• [SUPPLIED RECORDS]:
##############################

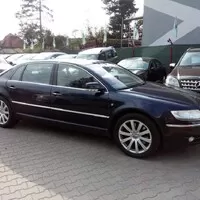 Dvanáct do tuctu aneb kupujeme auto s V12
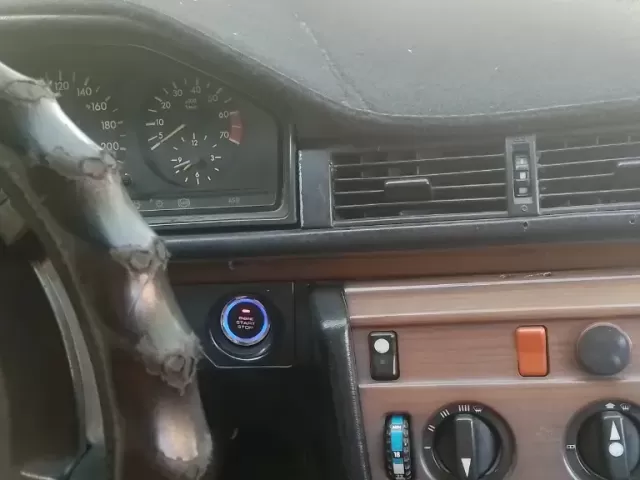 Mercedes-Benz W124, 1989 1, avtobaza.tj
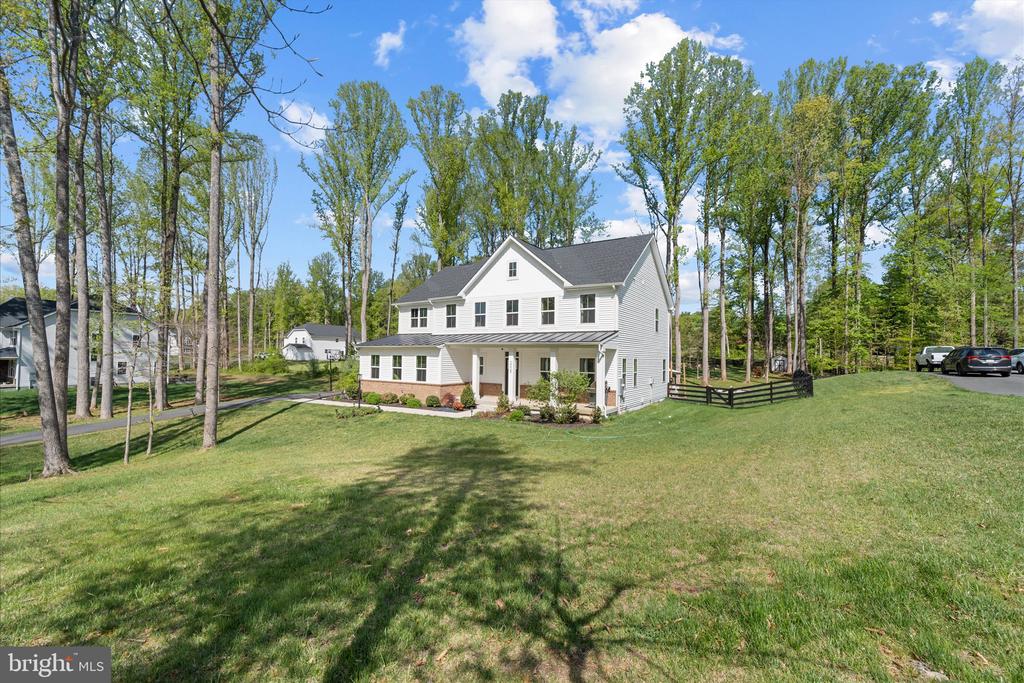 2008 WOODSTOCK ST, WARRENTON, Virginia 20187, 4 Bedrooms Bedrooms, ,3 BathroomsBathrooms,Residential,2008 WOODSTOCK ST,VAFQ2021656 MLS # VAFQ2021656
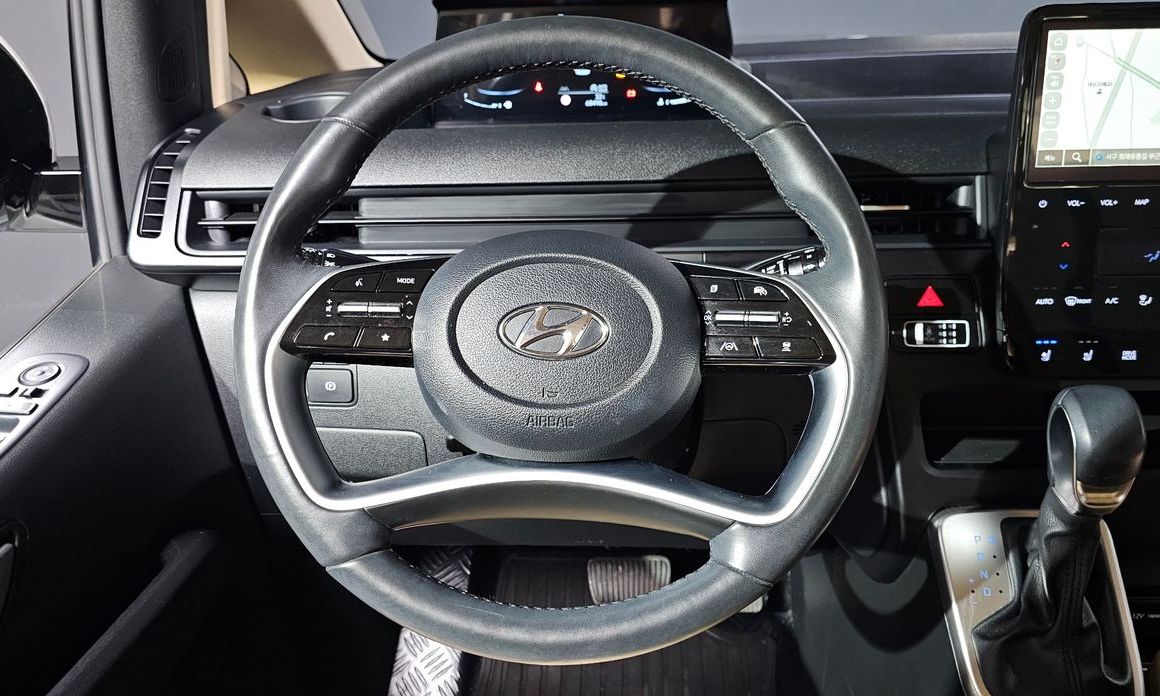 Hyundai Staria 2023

##############################

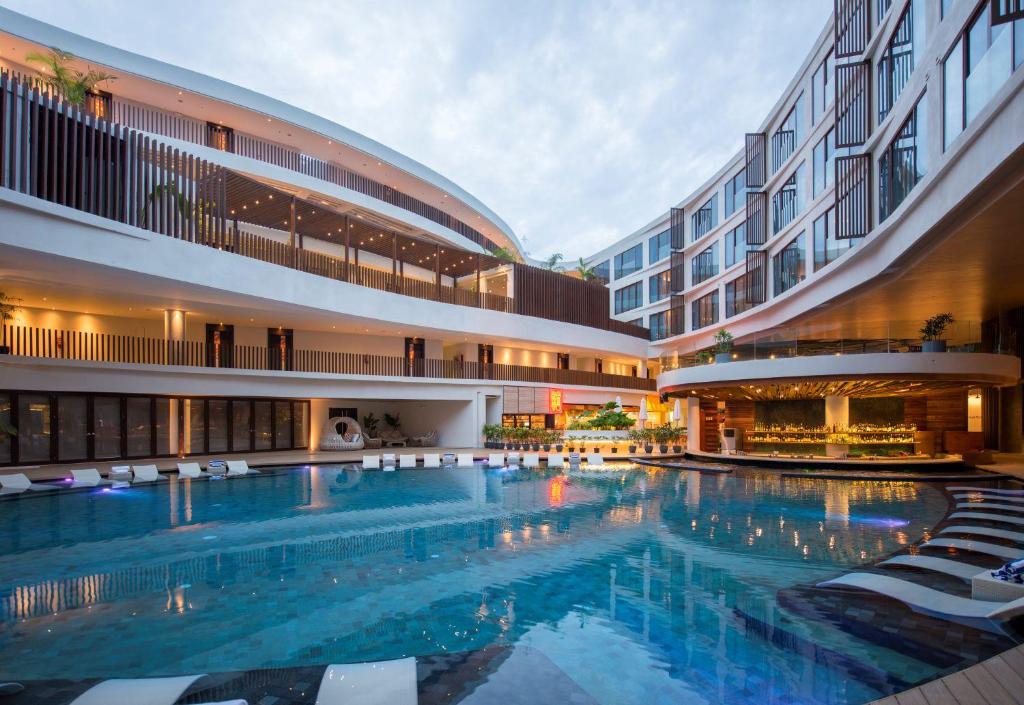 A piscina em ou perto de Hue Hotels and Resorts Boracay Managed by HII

##############################

• [WORK TO BE COMPLETED]: Above are some records; extract exactly the lines from the one containing "Dvanáct do tuctu aneb kupujeme auto s V12" through the one containing "Hyundai Staria 2023" and drop the pictures.

• [WRITTEN SOLUTION]:
 Dvanáct do tuctu aneb kupujeme auto s V12
 Mercedes-Benz W124, 1989 1, avtobaza.tj
 2008 WOODSTOCK ST, WARRENTON, Virginia 20187, 4 Bedrooms Bedrooms, ,3 BathroomsBathrooms,Residential,2008 WOODSTOCK ST,VAFQ2021656 MLS # VAFQ2021656
 Hyundai Staria 2023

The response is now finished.